WORK INSTRUCTION:
All of the listing, from first line to last, should be output exactly; the pictures stay out.

[[ PROVIDED DATA, beginning ]]

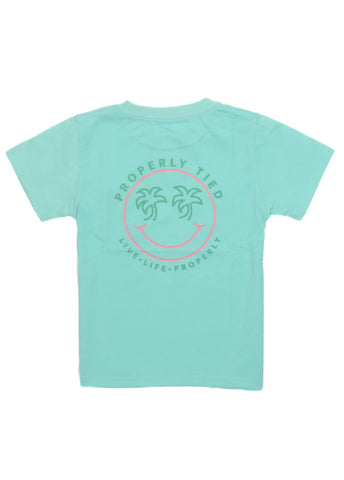 Girls Smiley Seafoam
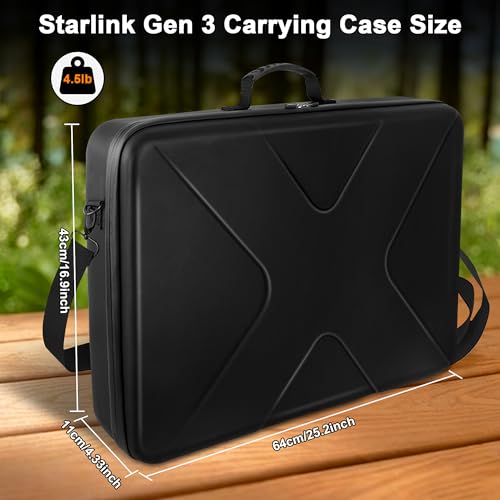 Waterproof Hard Shell Carrying Case for Starlink Gen 3 & 4 Antennas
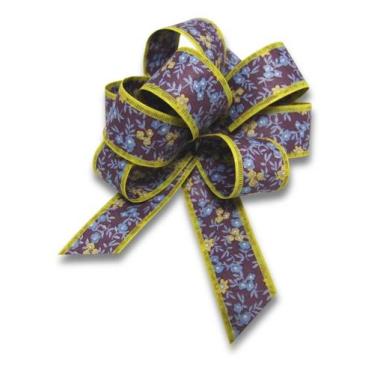 Imagem de Laço Prático Mágico Floral Em Rolo. Rende 15 Laços (3 Rolos) - Fitas R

[[ PROVIDED DATA, end ]]

RESPONSE TO THE EXERCISE:
 Girls Smiley Seafoam
 Waterproof Hard Shell Carrying Case for Starlink Gen 3 & 4 Antennas
 Imagem de Laço Prático Mágico Floral Em Rolo. Rende 15 Laços (3 Rolos) - Fitas R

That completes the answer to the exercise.